We used to have a great USPS postman, but he's apparently either changed routes or left USPS. We now have a young kid with an attitude, and he is less than totally reliable.


----------



## butcherman (Dec 27, 2016)

I guess I am the fortunate one. 
I live in a rural area and know both the USPS and UPS drivers and they deliver right to my door. The UPS driver brings it to the door , knocks and then leaves. Does not wait for anyone to answer. But he just sets the package down, does not throw it or drop it.
So far good luck with Amazon Prime. Everything has made it on time (Two Days - unless marked differently) and no damaged packages so far.
As far as things being marked shipped, I see what you guys are saying, I just don't agree with it.


----------



## CTValleyRR (Jul 26, 2014)

butcherman said:


> I guess I am the fortunate one.
> I live in a rural area and know both the USPS and UPS drivers and they deliver right to my door. The UPS driver brings it to the door , knocks and then leaves. Does not wait for anyone to answer. But he just sets the package down, does not throw it or drop it.
> So far good luck with Amazon Prime. Everything has made it on time (Two Days - unless marked differently) and no damaged packages so far.
> As far as things being marked shipped, I see what you guys are saying, I just don't agree with it.


My UPS and Fedex drivers are excellent, as is the weekeday USPS person. The weekend postal workers are jerks, though. I have had several packages marked as "Undeliverable -- no response". When I called to complain, I was informed that the driver stopped in the street (120 yards from the door) and blew the horn. Yeah right. After the 3rd time (a critical certified letter delivered -- not, actually -- in a snow storm; forcing me to drive to the post office in the snow); a call to the postmaster seems to have fixed the problem.

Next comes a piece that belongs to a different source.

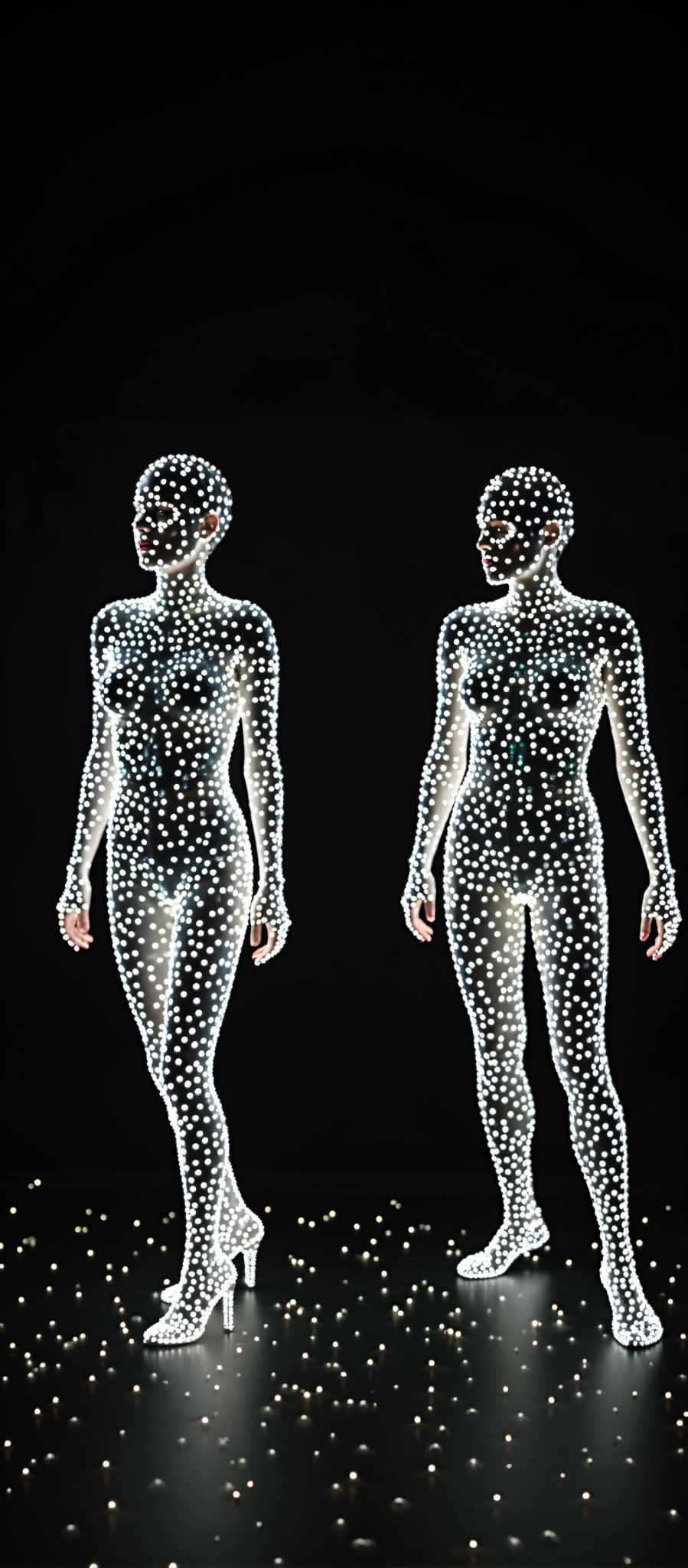 Two women are shown in a digital image. They are both wearing body suits and have their arms and legs covered in white dots. The woman on the left is facing the camera while the woman on right is facing away. The background is black which makes the white dots stand out. The image is a 3D rendering giving it a realistic appearance. The women's body suits are form-fitting highlighting their figures. The white dots on their bodies create a pattern that is both eye-catching and intriguing. The overall effect is a striking and memorable image.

I didn't mean to impugn your knowledge of how the postal system works, but not liking the way something works when you can't change it is needless frustration, and complaining about it just raises your blood pressure unnecessarily. If you don't like the inherent delays between the shipping status and the package's physical presence in the shipping system, you are free to pay the premium charges for special handling.


----------



## butcherman (Dec 27, 2016)

CTValleyRR,
Wow - he sat at the street and blew the horn. If I had done that back when I was a carrier (70's) I would have been in deep trouble. I was both a carrier then became a clerk when I moved back up north. I retired 15 years ago. The USPS sure isn't what it used to be. True customer service is going downhill.
Understand what you said about frustration. Sure not good for the health. Need to just sit back and enjoy my trains while waiting for my package to arrive


----------



## Lemonhawk (Sep 24, 2013)

I'm with bucherman on this. UPS, USPS, FEX all do a terrific job around here. I don'e recall problems when living out in the country either, but that was 15 years ago and a lot has changed since then.


----------



## rogruth (Mar 6, 2012)

My several dealings with Model Train Stuff have been without problems and delivery time was reasonable.

IMHO the basic problems with the USPS are not in the local PO
but come from above. Our delivery person brings stuff to our 
carport when necessary.

UPS seems to be a little more reliable than FedEx in this area.
We have not had problems with either.


----------